4. ‘Quiet Don’ (1957)

This three-part epic is based on Mikhail Sholokhov’s novel of the same name, for which he received a Nobel prize in 1965. It tells the tragic story of the Don Cossacks, which had found themselves at the epicenter of the Civil War in the ruins of the Russian Empire. 

The large-scale, fratricidal conflict completely severed the seemingly immortal bonds between people, pitting friends and even family members against each other. Father would go against son and brother would go against brother, killing each other without mercy. 

The sheer gravity of the confusion and feeling of loss that people were experiencing then is demonstrated in ‘Quiet Don’ through the eyes of the main protagonist, Gregory Melekhov. Unable to make up his mind about which side is more just, he finds himself switching from one camp to another - from the Reds to the Whites and back again. In the end, he begins to understand that nothing good will come of this constant switching.

5. ‘Officers’ (1971)

‘Officers’ tells the story of friendship between two Red Army, who managed to preserve it over the course of four decades. Fate flung them across the world - from hot Central Asia, where they battled local pockets of White resistance in the Civil War - the Basmachi, to China, where they weathered the storm of the Japanese offense and, finally, to the front lines of the Great Patriotic War against Nazi Germany. 
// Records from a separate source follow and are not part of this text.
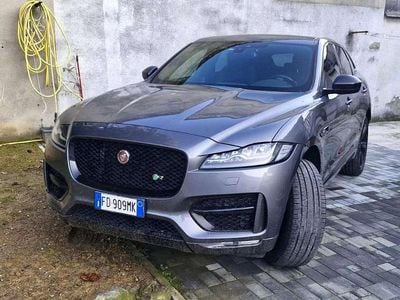 Usata Jaguar F-Pace Portfolio 179 CV (131 kW) 2016 Nero SUV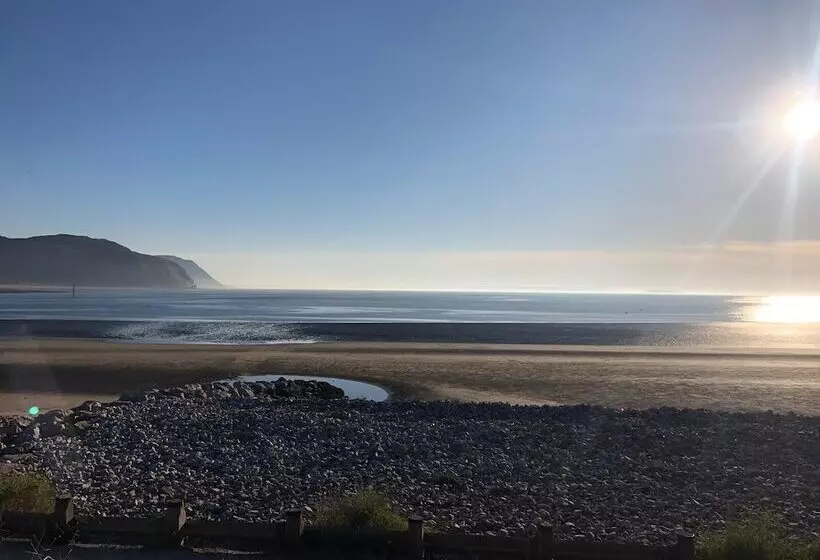 Superb Cintra Beachside Apartments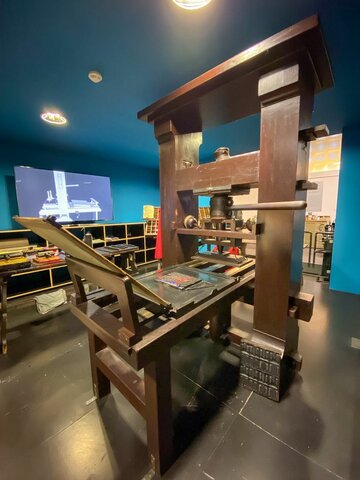 Johann (o Johannes) Gutenberg: crea la imprenta de tipos móviles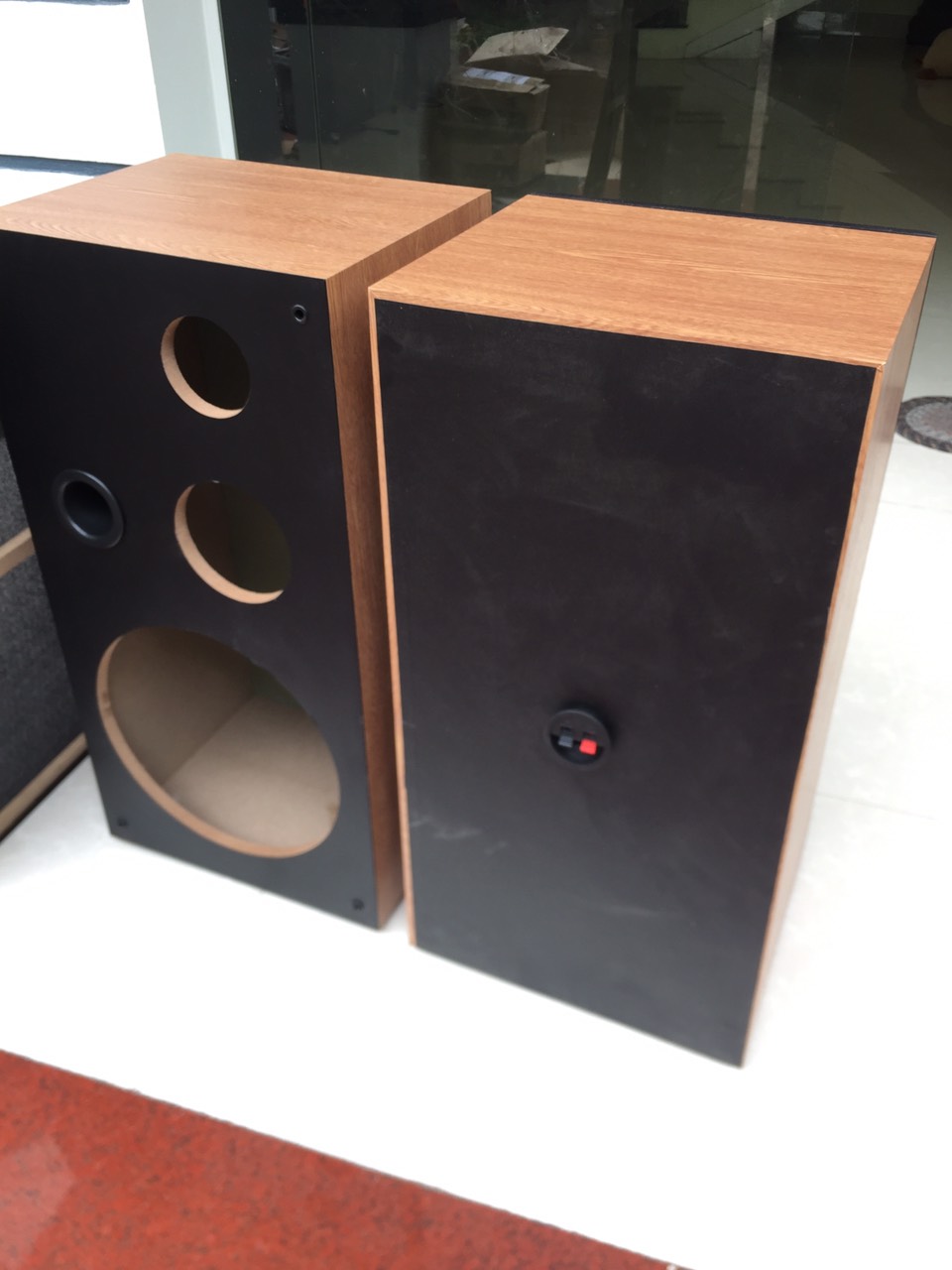 Vỏ thùng loa bass 30, 3 đường tiếng - giá 2 chiếc- tặng kem bông tiêu âm"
Georgy Yumatov, who performed the lead role of Aleksey Trofimov, was no stranger to war himself. He participated in the battle for Crimea, the sieges of Bucharest and Budapest and the storming of Vienna. In one of the scenes in the movie, after Aleksey’s return from Spain, where the Soviet specialist soldiers had fought on the side of the Republic, his wife notices the remains of a wound on his back. This was a genuine wound, which Yumatov received during World War II. 

‘Officers’ became one of the cult movies of Soviet cinema, rallying young people to join the ranks of the Soviet Army. One of the lines uttered in the movie subsequently became a catchphrase: “There is such a profession - defending the Motherland.”